Speakers and presentations:

Henriikka Mustajoki
What is Open Science?

Ever wondered what is Open Science and how it impacts the research you? Here is your opportunity to get a short overview of Open Science and how your research may be affected by it. This talk will cover basic reasons for Open Science (fairness and equality; research quality; and societal impact) as well as different aspects of Open Science including Open Access (OA) publications and Open (FAIR) research data. The focus will be on the impact of the Open Science movement on the daily work of researchers.

Lauri Haapanen, University of Jyväskylä
Ville Manninen, University of Jyväskylä
What and why: Combining etic and emic perspectives

If research wishes to both describe real-life activities, and also explain them, it needs to present both what- and why-questions. These question can be answered with the help of complementary perspectives of etic and emic. An outsider’s perspective (etic) captures observable activities but cannot explain them. Revealing their intentions, then, requires adding an insider’s perspective (emic). In other words, emic data support the collection and analysis of etic data.

Conventionally, emic data sets have been gathered through interviews. This entails a methodological problem: Exploring routinized processes by presenting general questions is as if the researcher was “outsourcing” the task of generalisation to the informant. There is danger in this, as informants rarely possess the kind of methodological rigour that is required for such generalisations. To mitigate this inherent dilemma of emic perspective, it should be supported by etic data. Thus, the integration of etic and emic can benefit both data collection and analysis.
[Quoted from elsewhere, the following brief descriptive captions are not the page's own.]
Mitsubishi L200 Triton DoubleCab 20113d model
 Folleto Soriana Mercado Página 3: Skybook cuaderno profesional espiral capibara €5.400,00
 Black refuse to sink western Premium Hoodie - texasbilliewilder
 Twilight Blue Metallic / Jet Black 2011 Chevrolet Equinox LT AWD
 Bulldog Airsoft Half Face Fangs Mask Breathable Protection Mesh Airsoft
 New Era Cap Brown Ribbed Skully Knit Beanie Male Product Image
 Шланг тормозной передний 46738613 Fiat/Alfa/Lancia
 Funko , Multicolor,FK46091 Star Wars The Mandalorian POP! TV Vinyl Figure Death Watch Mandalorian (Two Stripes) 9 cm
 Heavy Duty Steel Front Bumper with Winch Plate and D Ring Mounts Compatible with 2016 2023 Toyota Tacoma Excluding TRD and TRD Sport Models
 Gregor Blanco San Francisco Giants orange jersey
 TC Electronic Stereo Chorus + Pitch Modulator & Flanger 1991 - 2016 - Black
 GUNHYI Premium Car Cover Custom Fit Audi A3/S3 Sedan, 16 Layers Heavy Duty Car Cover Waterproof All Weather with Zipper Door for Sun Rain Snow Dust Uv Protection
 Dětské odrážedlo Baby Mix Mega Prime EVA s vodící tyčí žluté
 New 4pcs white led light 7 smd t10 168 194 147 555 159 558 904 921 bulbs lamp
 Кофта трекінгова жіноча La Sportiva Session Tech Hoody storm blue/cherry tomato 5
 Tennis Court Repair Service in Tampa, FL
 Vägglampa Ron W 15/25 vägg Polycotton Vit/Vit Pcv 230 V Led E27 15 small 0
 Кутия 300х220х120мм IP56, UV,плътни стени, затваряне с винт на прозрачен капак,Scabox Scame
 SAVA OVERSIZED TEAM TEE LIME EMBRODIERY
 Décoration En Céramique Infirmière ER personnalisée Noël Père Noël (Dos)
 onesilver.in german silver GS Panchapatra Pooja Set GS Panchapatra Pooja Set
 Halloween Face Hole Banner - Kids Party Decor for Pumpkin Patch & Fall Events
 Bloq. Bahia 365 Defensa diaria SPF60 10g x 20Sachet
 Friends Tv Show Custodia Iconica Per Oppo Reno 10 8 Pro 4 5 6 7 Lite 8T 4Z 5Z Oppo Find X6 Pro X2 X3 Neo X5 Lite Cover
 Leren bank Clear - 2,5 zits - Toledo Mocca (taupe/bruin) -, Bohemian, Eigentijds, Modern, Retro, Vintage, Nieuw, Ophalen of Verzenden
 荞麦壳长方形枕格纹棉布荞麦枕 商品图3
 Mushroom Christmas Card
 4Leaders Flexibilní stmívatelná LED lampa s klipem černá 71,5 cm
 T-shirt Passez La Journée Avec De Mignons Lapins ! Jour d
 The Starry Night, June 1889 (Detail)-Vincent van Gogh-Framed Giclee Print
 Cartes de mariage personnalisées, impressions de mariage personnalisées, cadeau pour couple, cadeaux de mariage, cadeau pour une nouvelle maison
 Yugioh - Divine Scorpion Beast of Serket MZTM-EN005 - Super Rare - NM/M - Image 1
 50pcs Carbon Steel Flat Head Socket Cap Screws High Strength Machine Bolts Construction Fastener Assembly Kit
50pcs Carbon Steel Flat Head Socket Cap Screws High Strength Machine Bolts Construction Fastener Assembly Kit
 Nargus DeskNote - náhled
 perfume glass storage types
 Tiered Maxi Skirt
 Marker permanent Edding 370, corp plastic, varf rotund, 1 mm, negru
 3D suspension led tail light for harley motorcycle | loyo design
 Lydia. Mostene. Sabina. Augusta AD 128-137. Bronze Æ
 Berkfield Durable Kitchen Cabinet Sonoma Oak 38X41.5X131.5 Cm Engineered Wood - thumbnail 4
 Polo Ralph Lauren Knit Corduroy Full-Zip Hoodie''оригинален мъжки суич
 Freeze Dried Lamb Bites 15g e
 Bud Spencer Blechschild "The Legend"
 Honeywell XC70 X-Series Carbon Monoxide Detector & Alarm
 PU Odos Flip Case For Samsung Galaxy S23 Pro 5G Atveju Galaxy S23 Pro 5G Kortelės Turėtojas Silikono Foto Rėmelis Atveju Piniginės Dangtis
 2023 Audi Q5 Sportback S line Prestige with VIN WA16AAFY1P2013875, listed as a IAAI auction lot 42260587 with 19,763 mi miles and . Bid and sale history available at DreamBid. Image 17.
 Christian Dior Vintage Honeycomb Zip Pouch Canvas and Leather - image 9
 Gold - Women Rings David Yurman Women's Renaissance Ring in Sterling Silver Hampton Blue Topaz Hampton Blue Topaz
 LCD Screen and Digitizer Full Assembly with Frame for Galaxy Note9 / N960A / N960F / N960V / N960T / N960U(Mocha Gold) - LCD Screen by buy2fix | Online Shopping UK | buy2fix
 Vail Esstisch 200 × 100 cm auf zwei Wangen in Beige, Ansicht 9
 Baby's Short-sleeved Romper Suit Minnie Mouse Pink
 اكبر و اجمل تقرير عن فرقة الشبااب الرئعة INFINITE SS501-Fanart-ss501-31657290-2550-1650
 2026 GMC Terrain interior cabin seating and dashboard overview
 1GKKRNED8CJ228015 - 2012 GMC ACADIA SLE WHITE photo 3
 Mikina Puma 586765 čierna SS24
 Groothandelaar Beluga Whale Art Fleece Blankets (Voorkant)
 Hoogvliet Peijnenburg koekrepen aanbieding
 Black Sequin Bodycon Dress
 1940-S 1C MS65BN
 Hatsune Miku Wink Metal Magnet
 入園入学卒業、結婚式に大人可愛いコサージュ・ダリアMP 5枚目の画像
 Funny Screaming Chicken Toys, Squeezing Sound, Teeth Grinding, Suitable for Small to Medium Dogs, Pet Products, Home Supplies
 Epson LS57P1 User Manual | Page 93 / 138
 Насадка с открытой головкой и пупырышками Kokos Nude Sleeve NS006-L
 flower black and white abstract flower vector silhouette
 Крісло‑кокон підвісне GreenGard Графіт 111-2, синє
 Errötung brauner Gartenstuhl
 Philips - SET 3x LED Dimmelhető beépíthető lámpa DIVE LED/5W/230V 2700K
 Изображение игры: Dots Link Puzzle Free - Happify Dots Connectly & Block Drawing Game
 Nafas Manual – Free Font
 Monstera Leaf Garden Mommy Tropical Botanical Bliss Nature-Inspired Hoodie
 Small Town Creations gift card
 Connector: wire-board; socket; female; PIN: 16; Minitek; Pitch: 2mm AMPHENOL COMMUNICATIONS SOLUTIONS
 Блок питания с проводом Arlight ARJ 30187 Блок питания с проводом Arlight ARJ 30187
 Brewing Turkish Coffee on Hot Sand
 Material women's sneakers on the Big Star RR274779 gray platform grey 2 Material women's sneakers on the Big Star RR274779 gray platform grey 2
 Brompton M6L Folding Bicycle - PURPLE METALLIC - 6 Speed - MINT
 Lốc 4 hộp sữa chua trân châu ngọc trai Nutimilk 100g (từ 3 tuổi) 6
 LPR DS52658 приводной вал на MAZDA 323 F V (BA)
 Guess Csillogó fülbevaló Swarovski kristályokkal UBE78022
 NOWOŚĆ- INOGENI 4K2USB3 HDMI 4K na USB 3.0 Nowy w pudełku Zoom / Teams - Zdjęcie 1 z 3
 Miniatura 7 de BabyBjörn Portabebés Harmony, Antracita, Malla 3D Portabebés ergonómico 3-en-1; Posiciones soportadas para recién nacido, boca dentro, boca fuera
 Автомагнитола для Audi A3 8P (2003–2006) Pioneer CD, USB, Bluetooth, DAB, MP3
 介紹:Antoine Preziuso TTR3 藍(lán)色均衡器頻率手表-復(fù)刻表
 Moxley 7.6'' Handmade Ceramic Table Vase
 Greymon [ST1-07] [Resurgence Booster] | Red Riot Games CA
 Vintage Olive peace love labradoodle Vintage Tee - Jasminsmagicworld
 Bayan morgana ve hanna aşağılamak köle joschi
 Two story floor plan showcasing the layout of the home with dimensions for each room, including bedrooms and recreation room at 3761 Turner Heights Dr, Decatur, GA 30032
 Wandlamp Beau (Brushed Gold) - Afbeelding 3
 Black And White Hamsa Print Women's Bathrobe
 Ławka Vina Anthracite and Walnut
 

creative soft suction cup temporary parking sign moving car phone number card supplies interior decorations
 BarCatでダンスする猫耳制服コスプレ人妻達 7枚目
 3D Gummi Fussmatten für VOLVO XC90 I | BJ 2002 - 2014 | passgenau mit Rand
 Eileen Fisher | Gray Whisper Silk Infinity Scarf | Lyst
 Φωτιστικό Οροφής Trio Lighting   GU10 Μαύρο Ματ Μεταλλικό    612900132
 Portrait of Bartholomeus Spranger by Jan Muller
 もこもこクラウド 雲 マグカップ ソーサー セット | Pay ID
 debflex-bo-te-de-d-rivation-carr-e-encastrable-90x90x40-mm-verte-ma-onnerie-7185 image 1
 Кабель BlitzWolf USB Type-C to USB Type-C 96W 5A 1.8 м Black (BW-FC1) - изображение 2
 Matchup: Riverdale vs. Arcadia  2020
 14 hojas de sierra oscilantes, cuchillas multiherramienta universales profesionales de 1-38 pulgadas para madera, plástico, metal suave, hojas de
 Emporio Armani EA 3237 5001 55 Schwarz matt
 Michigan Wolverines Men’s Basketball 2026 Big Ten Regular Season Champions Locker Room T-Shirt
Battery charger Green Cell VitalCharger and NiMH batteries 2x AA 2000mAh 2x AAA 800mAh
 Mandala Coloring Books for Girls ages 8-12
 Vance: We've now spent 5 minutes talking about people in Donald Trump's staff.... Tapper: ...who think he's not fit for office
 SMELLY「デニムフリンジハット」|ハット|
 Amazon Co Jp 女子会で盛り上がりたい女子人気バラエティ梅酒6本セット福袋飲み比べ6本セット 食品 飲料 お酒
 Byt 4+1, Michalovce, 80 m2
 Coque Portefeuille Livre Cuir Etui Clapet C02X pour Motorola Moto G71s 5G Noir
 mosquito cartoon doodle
In our presentation, we will discuss the researcher-analyst’s etic and practitioner-informant’s emic perspectives, and the classic problem of integrating them. We will then present some illustrative solutions from our fields, linguistics and media studies. For example, researchers pursuing a holistic understanding of writing have combined the perspectives as follows: Immediately after completion, writers view and comment on their text product or video-recorded writing session and thereby provide researchers with information about their awareness of what they are doing and why. This is something that the writers are hardly able to recall plausibly without the support of the etic data. We conclude by highlighting the value of this integrative approach, despite its demanding nature: ”Methodological complexity is a good predictor of research gaps“ (Perrin 2019).

 

Memory for socio-political research
Zsuzsa Millei, Associate Professor, Faculty of Education, Tampere University

In this presentation, first, we delve into the different ways in which memory can be used for research. As part of this we pay special attention to the subjective nature of memory, how memory relates to historical research (e.g. witnessing, confirming historical truth, biographies), collective memory (social remembering), how memory connects the past, present and future, and the importance of social frameworks, contexts and emotions of remembering, all providing important considerations for the uses of memory for research and its analysis. Second, we look at a particular way of using memory, how everyday life in the past can be glimpsed through memory stories (memory of a particular event taking place for a short period of time) for cultural-political analysis. Through memory stories we can explore what societal norms, rules and expectations governed a past society. Through examples brought from my recent work on memories of childhood, we discuss the analytical moves we can take to analyze memory stories in order to gain access to historical socio-political discourses and practices in their operation and come to know about that society. We also consider the limitations and popular critiques of memory research.